**Data extract:**
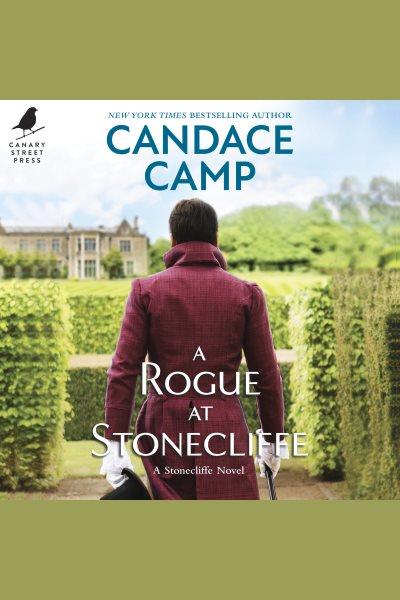 A Rogue at Stonecliffe [electronic resource] / Candace Camp.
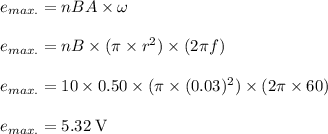 e_{max.} = nBA \times \omega\\\\e_{max.} = nB \times (\pi \times r^{2}) \times (2 \pi f)\\\\e_{max.} = 10 \times 0.50 \times (\pi \times (0.03)^{2}) \times (2 \pi \times 60)\\\\e_{max.}=5.32 \;\rm V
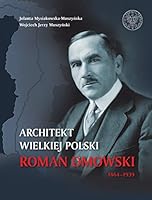 Architekt wielkiej Polski. Roman Dmowski 1864 - 1939 8380985001 Book Cover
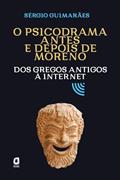 Ler O psicodrama antes e depois de Moreno: Dos gregos antigos à internet, do autor Sérgio Guimarães Ler O psicodrama antes e depois de Moreno: Dos gregos antigos à internet, do autor Sérgio Guimarães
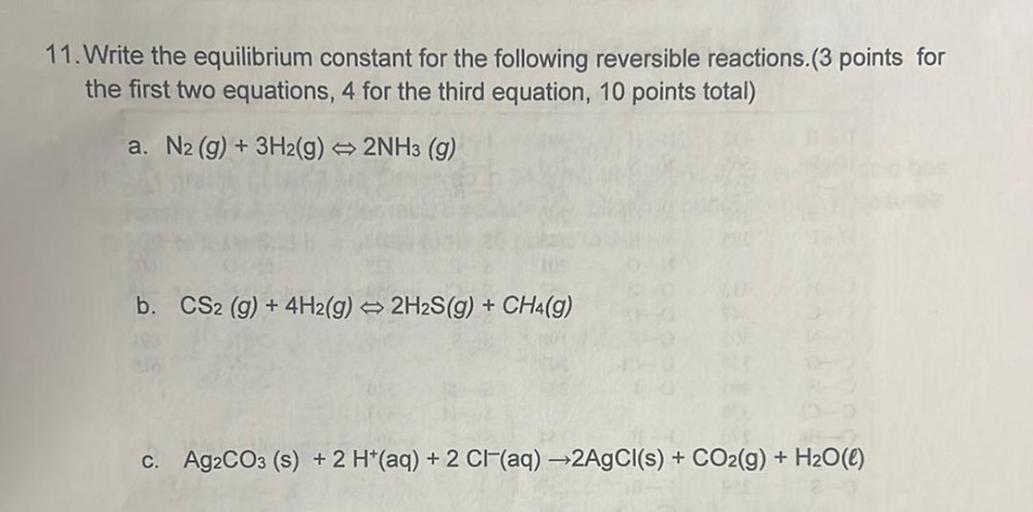 11. Write the equilibrium constant for the following reversible reactions.(3 points for
the first two equations, 4 for the third equation, 10 points total)
a. N2(g) + 3H2(g) 2NH3 (9)
b. CS2 (g) + 4H2(g) → 2H2S(9) + CH4(9)
+
+
c. Ag2CO3 (s) + 2 H+(aq) + 2 Cl(aq) +2AgCl(s) + CO2(g) + H2O(C)
+ 2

**Problem details:** Quote the entries above word for word. Leave the images out.

**Solution to the exercise:**
 A Rogue at Stonecliffe [electronic resource] / Candace Camp.
 e_{max.} = nBA \times \omega\\\\e_{max.} = nB \times (\pi \times r^{2}) \times (2 \pi f)\\\\e_{max.} = 10 \times 0.50 \times (\pi \times (0.03)^{2}) \times (2 \pi \times 60)\\\\e_{max.}=5.32 \;\rm V
 Architekt wielkiej Polski. Roman Dmowski 1864 - 1939 8380985001 Book Cover
 Ler O psicodrama antes e depois de Moreno: Dos gregos antigos à internet, do autor Sérgio Guimarães Ler O psicodrama antes e depois de Moreno: Dos gregos antigos à internet, do autor Sérgio Guimarães
 11. Write the equilibrium constant for the following reversible reactions.(3 points for
the first two equations, 4 for the third equation, 10 points total)
a. N2(g) + 3H2(g) 2NH3 (9)
b. CS2 (g) + 4H2(g) → 2H2S(9) + CH4(9)
+
+
c. Ag2CO3 (s) + 2 H+(aq) + 2 Cl(aq) +2AgCl(s) + CO2(g) + H2O(C)
+ 2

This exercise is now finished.